= DESCRIPTION OF THE TASK =
Take the lines below from the first through the one that contains "Bicicleta BMX criança" and copy them exactly.

= STORED DATA =
---*---

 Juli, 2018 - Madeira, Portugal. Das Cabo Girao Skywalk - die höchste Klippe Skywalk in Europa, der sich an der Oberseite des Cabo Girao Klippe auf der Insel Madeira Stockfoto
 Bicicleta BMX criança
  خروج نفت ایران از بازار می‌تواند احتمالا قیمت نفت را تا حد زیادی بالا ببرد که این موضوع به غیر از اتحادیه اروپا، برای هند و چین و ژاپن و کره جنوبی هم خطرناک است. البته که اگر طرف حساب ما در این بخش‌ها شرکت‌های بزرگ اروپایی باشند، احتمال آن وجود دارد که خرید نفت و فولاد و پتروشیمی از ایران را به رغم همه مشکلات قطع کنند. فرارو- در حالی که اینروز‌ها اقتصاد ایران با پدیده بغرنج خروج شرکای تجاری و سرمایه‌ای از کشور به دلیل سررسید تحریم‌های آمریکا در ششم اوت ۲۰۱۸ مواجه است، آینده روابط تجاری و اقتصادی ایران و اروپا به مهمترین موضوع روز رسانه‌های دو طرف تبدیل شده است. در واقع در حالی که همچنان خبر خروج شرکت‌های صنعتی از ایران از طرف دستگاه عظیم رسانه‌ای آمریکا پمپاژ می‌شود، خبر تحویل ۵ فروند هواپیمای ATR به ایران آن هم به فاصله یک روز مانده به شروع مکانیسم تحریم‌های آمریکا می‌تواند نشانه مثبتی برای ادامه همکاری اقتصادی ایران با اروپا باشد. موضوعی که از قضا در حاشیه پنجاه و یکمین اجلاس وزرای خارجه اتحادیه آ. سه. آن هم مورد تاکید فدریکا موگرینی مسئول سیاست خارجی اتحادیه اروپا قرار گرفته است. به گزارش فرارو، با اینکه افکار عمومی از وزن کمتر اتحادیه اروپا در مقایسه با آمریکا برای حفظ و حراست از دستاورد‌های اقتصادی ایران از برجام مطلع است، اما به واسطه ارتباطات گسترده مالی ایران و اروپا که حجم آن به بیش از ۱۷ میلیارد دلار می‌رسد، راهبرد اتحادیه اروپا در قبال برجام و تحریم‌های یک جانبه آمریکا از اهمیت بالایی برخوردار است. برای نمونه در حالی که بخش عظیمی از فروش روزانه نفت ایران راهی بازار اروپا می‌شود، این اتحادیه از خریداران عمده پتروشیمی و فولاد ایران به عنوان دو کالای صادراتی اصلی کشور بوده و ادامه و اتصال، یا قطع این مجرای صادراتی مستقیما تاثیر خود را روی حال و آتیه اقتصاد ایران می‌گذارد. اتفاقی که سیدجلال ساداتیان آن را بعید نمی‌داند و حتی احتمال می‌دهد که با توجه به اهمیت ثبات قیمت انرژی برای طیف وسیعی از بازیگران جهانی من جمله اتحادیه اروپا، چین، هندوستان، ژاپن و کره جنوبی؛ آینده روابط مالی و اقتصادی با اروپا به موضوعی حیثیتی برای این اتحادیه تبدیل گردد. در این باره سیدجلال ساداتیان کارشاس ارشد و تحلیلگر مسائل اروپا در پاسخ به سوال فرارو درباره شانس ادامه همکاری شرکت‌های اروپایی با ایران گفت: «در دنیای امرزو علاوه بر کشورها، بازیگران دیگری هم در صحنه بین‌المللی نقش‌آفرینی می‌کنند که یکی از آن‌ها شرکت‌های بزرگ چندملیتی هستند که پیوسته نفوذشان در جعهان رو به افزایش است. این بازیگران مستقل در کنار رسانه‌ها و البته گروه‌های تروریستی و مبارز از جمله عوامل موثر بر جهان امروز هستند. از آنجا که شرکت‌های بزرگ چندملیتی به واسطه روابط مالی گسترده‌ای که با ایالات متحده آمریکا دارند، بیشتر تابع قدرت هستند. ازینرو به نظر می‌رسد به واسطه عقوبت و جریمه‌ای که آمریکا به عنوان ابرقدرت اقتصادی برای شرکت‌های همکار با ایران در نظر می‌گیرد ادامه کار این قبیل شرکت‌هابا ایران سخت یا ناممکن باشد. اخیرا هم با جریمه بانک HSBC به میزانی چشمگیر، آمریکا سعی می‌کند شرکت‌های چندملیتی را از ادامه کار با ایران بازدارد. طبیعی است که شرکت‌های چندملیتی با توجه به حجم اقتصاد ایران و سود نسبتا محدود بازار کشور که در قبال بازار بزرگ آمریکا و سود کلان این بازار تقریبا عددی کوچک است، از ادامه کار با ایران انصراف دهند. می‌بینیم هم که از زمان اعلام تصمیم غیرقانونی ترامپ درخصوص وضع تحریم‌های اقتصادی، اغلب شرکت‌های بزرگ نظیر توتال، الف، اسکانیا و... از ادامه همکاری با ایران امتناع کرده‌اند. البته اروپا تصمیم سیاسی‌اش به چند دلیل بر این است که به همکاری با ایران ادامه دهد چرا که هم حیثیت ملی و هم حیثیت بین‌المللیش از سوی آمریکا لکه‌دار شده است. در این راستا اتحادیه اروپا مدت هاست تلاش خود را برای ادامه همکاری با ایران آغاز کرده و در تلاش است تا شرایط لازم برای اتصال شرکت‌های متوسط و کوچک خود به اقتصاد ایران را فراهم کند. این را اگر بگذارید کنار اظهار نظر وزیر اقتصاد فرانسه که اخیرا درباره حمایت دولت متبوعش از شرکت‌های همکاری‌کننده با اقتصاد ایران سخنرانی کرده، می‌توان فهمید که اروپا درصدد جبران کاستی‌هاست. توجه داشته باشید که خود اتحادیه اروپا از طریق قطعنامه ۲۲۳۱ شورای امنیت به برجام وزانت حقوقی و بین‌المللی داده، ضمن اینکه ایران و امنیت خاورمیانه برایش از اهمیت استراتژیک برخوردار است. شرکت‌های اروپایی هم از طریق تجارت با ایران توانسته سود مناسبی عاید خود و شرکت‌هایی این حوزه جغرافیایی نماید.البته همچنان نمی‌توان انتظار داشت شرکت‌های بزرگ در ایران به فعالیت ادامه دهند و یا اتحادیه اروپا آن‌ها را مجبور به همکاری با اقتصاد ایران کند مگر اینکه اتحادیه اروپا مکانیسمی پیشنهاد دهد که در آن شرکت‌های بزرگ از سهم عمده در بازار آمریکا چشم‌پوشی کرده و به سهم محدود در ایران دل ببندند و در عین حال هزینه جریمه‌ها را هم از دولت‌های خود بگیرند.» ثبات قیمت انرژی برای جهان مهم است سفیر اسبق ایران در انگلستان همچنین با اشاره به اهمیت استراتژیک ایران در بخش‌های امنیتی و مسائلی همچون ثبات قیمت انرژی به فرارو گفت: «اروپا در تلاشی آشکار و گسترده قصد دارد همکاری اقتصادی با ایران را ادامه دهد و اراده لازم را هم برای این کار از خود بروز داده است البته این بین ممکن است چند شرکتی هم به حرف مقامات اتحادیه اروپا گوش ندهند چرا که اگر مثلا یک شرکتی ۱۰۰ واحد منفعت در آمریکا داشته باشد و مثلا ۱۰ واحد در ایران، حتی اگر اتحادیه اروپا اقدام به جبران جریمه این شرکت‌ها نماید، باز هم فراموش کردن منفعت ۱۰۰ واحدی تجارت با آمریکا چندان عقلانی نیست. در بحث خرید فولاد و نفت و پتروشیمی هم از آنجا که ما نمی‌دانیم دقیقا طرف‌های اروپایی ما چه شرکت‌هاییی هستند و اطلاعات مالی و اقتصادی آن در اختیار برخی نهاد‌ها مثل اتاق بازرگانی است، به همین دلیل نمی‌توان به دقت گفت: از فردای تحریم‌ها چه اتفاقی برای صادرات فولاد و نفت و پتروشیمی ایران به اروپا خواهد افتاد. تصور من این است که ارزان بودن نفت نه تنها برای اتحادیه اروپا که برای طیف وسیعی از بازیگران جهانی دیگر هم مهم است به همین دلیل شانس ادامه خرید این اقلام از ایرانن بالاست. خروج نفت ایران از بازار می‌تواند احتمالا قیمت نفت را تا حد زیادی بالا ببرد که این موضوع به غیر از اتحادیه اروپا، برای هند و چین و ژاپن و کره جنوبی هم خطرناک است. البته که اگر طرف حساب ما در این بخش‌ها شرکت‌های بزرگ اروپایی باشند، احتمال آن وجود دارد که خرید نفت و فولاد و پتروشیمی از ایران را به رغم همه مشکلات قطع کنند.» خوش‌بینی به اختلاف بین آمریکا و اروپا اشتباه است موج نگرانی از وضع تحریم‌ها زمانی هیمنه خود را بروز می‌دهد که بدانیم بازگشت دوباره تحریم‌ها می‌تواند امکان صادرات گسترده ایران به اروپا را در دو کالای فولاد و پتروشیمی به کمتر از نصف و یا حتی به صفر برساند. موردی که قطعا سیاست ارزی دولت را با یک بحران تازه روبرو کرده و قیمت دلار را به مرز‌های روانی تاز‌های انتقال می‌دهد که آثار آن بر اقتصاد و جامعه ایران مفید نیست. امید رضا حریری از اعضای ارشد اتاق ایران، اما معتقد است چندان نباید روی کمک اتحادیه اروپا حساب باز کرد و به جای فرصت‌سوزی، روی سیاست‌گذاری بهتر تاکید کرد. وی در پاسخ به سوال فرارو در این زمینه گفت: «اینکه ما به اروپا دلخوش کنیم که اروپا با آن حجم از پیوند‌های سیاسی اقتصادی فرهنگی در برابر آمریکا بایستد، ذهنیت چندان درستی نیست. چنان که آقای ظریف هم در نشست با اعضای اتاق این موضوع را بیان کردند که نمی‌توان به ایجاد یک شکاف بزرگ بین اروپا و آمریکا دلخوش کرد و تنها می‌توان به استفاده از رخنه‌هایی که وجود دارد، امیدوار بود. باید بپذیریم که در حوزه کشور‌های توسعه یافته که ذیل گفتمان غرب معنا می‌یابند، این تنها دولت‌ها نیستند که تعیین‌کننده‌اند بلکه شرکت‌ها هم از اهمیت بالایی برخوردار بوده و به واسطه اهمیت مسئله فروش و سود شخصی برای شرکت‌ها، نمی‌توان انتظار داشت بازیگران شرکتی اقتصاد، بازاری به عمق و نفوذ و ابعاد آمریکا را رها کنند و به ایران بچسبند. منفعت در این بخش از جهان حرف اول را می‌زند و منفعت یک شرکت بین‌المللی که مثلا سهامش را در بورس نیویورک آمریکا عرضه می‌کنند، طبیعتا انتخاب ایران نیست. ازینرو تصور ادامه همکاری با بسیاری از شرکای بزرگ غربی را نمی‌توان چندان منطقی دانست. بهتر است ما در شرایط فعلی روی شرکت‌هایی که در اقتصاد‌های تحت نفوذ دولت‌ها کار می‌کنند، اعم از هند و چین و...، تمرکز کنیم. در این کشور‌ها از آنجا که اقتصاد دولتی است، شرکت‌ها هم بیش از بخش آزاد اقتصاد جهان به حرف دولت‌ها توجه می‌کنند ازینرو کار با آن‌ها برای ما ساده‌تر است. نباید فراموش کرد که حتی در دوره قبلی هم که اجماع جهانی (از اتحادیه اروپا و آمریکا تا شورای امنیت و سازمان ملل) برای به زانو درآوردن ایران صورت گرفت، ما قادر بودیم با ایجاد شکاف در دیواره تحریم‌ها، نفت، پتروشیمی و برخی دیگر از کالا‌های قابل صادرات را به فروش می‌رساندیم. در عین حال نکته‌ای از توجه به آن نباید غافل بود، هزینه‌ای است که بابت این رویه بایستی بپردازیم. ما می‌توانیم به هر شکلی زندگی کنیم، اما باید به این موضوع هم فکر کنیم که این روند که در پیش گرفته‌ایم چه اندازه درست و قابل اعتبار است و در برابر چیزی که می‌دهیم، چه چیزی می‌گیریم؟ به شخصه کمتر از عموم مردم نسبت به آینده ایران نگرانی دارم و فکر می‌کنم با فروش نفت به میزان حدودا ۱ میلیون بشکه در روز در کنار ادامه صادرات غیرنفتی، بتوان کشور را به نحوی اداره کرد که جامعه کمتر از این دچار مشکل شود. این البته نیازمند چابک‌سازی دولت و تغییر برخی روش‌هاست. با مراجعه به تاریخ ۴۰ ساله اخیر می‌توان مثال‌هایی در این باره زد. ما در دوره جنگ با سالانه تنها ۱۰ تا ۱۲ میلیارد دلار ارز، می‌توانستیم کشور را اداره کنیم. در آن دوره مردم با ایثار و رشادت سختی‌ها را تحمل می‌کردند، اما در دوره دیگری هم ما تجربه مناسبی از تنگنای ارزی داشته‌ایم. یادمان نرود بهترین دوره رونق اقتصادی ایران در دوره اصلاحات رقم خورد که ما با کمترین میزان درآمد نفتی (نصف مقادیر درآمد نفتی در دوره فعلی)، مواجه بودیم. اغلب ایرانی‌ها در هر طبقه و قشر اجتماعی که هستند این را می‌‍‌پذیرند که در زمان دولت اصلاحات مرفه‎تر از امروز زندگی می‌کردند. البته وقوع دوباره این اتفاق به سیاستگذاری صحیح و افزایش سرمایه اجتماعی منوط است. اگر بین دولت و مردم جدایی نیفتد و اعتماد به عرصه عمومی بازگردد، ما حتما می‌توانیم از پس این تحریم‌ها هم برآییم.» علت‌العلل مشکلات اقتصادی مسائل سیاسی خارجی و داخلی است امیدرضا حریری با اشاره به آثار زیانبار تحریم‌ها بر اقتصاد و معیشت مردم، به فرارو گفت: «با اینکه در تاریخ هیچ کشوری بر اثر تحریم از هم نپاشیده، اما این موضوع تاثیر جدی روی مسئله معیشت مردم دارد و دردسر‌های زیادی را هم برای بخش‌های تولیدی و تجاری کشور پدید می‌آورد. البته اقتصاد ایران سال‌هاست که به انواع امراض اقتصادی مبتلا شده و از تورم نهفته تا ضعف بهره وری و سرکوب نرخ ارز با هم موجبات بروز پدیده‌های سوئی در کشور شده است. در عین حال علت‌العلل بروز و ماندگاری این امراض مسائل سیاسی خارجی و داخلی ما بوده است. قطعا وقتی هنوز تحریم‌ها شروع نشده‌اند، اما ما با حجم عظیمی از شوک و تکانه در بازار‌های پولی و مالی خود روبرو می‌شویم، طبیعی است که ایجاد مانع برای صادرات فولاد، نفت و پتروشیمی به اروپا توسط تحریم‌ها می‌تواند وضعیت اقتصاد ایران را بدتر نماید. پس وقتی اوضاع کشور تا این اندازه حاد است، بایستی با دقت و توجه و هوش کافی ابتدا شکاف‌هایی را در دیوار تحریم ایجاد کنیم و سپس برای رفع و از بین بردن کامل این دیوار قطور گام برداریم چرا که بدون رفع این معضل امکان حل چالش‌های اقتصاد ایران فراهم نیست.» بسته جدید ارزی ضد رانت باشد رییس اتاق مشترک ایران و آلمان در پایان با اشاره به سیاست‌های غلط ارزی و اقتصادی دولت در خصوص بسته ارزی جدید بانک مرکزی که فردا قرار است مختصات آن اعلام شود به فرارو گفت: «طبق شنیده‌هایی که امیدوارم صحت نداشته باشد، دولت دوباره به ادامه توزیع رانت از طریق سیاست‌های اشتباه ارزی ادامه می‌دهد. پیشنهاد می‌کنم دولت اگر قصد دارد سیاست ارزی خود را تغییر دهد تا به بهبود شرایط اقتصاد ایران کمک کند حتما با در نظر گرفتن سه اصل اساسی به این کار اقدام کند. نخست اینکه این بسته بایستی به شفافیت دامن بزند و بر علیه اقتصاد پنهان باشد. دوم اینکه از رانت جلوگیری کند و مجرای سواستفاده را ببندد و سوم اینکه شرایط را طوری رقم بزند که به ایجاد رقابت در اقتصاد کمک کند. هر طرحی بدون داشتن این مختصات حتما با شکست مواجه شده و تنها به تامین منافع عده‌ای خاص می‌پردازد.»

---*---

= ANSWER BOX =
 Juli, 2018 - Madeira, Portugal. Das Cabo Girao Skywalk - die höchste Klippe Skywalk in Europa, der sich an der Oberseite des Cabo Girao Klippe auf der Insel Madeira Stockfoto
 Bicicleta BMX criança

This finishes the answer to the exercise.